* [Exercise aim] Report how many lines in the listing below include the string "Appartement", and write nothing more.

** Records supplied follows **

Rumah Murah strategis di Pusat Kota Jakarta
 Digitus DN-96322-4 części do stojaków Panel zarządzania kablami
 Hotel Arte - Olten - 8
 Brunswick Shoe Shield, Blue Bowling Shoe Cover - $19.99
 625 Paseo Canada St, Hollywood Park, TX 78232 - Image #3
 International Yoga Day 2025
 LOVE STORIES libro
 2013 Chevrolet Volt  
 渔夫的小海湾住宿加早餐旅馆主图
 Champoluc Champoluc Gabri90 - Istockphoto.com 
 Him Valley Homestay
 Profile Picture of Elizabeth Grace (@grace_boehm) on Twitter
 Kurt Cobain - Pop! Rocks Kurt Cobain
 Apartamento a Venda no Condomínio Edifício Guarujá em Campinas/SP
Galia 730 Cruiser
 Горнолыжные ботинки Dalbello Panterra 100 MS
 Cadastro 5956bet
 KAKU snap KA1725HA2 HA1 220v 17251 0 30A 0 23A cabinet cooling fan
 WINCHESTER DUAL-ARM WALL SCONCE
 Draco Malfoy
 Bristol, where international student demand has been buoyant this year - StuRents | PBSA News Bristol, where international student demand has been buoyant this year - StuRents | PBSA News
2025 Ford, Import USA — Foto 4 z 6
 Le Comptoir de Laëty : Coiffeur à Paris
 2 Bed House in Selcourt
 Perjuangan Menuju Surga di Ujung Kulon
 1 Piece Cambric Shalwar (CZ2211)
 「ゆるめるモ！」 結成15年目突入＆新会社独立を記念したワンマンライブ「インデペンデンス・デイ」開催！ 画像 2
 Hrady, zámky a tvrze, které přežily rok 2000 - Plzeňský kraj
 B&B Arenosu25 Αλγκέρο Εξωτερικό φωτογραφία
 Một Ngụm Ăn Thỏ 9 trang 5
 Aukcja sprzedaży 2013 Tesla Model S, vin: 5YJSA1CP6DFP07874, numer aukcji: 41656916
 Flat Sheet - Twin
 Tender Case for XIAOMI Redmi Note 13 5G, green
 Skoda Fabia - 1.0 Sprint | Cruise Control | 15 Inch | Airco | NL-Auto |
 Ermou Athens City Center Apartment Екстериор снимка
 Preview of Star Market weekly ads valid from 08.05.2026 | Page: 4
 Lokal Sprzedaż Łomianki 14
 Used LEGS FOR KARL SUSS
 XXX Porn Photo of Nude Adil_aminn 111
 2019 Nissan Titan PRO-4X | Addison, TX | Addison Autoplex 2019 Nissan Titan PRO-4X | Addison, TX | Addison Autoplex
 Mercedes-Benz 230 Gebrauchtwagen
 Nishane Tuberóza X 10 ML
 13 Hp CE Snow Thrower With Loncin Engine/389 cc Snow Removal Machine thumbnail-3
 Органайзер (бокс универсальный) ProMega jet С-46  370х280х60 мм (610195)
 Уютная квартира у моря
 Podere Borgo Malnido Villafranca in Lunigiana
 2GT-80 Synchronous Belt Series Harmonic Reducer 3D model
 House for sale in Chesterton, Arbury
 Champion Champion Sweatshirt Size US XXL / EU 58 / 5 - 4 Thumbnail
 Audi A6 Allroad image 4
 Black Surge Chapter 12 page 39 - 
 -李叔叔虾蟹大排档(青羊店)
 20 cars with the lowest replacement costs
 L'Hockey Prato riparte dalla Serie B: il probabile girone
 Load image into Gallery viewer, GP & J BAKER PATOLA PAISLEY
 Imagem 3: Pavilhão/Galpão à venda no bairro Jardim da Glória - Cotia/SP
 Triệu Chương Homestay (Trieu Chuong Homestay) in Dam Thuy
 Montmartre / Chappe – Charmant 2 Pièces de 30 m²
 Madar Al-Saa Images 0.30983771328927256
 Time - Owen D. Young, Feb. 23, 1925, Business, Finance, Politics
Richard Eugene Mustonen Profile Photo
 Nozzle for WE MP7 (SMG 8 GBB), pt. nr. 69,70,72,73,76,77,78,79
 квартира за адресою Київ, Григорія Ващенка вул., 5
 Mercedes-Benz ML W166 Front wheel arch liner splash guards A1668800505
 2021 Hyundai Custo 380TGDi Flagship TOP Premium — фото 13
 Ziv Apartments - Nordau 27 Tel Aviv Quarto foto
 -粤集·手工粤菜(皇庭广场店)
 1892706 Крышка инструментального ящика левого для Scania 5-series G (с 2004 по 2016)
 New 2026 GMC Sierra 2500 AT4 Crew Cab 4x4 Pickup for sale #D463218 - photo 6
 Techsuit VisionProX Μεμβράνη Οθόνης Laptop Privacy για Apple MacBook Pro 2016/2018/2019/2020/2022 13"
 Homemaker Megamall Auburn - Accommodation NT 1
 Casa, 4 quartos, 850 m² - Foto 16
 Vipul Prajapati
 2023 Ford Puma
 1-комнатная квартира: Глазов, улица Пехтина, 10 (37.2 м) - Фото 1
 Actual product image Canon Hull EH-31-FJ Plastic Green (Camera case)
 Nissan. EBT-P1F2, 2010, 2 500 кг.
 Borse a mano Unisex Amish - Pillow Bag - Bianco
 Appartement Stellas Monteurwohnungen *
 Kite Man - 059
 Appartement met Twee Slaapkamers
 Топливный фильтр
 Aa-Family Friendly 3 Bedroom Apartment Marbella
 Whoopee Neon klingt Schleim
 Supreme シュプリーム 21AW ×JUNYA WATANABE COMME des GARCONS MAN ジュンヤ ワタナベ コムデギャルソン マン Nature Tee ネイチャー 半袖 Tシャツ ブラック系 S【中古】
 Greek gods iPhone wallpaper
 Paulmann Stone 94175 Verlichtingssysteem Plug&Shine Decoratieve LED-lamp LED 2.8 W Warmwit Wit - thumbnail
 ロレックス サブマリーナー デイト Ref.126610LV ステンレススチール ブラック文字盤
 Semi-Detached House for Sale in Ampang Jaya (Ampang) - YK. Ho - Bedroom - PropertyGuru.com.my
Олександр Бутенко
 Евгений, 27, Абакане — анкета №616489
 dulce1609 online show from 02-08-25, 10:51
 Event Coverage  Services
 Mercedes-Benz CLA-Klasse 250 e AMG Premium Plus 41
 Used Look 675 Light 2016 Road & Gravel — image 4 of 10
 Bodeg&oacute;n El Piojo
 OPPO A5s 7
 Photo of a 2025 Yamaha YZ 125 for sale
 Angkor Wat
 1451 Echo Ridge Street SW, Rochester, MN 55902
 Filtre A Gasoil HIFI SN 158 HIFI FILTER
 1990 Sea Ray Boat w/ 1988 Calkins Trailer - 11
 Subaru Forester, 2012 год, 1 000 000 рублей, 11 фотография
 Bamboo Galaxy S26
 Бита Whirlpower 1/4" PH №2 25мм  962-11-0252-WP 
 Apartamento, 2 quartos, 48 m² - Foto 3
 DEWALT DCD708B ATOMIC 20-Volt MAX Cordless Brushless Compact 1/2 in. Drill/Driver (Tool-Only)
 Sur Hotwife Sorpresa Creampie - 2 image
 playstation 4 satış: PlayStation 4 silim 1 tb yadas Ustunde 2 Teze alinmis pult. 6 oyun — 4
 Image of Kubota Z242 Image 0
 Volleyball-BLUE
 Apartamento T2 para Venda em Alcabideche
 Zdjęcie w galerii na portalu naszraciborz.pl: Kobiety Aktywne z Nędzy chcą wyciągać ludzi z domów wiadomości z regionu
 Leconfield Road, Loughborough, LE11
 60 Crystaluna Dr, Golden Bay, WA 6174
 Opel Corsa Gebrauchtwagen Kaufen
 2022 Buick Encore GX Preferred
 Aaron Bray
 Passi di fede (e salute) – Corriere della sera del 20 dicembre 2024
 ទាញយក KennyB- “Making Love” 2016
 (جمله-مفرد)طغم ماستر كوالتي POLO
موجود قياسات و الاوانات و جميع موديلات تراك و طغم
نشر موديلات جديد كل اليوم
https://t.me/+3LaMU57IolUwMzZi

** End of Records supplied **

* [Exercise response] 2